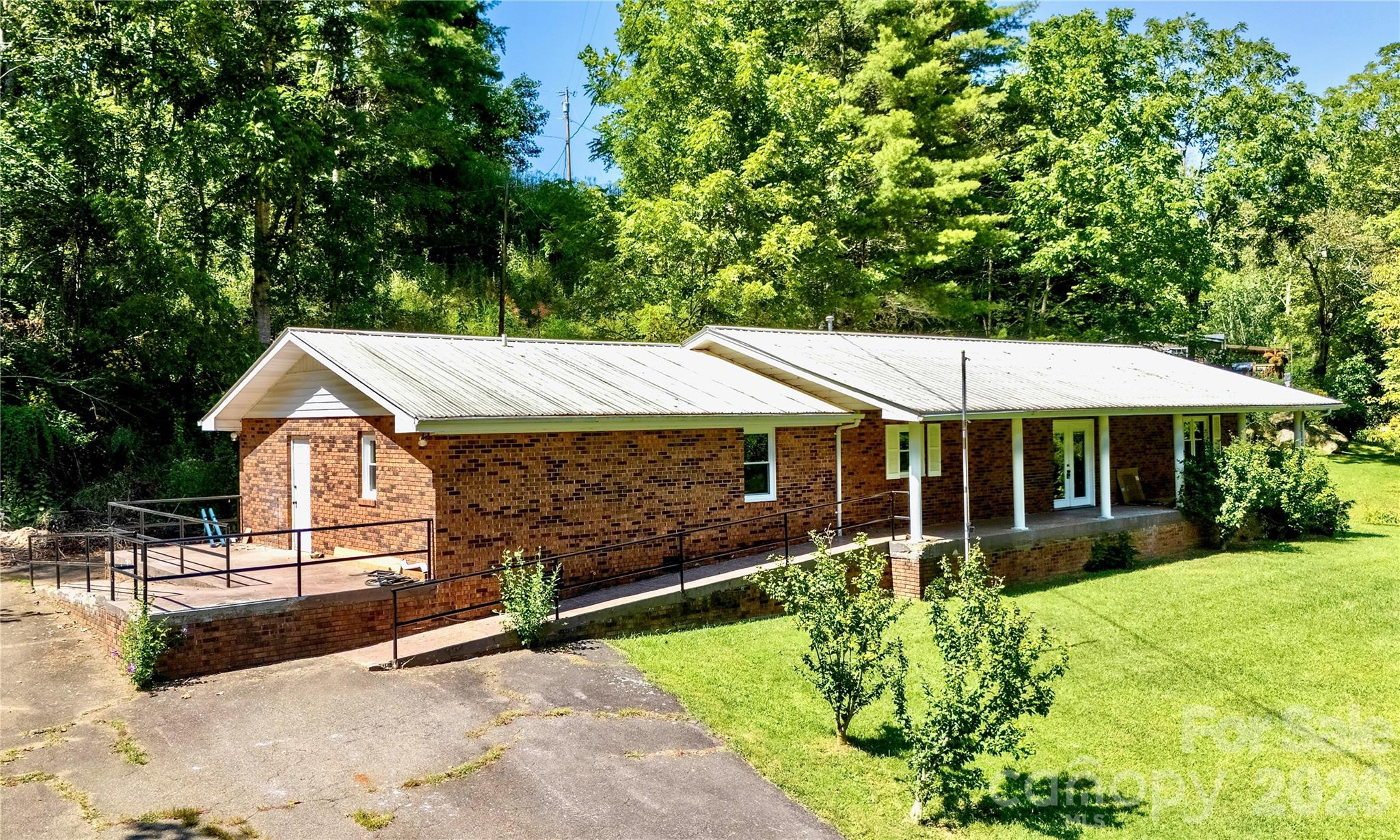 208 Murdock Road Property Photo 45
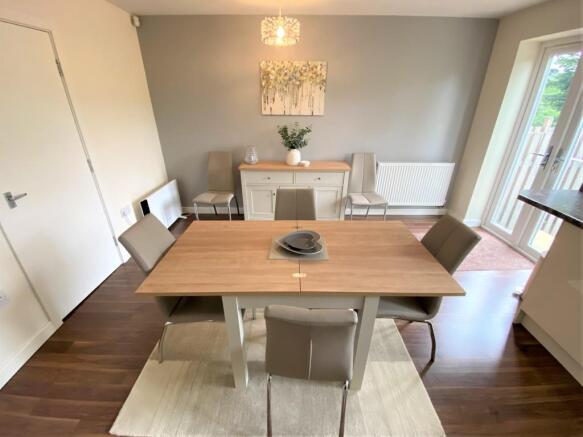Kitchen dining ro...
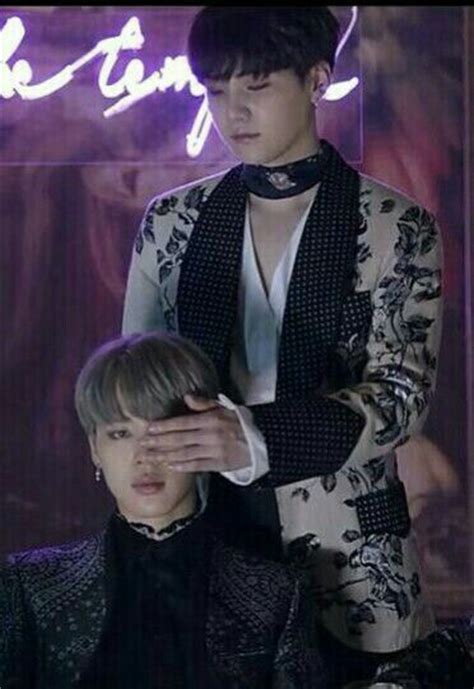 Here is a post about the wonderful ground choreography in blood sweat and tears. Yoonmin
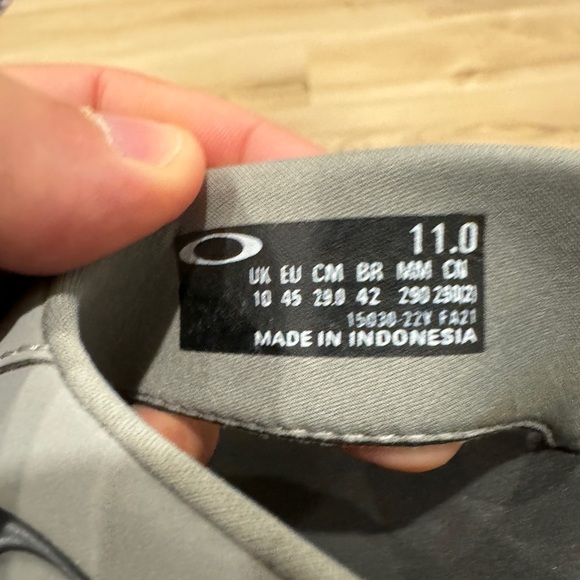 Men’s Oakley size 11 Thong sandals grey and black like new Super Coil 2.0 - Picture 3 of 5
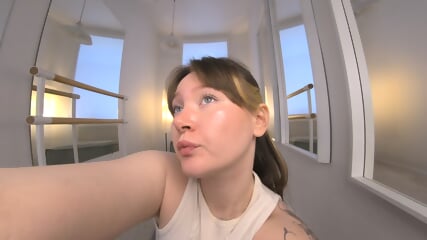 Ash Hasmy StripchatVR 2026 09 05T04 13 31 03 00 F120 LR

* * *

**ACTIVITY:** Keep the pictures out of your copy, and repeat every entry above exactly.

**RESPONSE AREA:**
 208 Murdock Road Property Photo 45
Kitchen dining ro...
 Here is a post about the wonderful ground choreography in blood sweat and tears. Yoonmin
 Men’s Oakley size 11 Thong sandals grey and black like new Super Coil 2.0 - Picture 3 of 5
 Ash Hasmy StripchatVR 2026 09 05T04 13 31 03 00 F120 LR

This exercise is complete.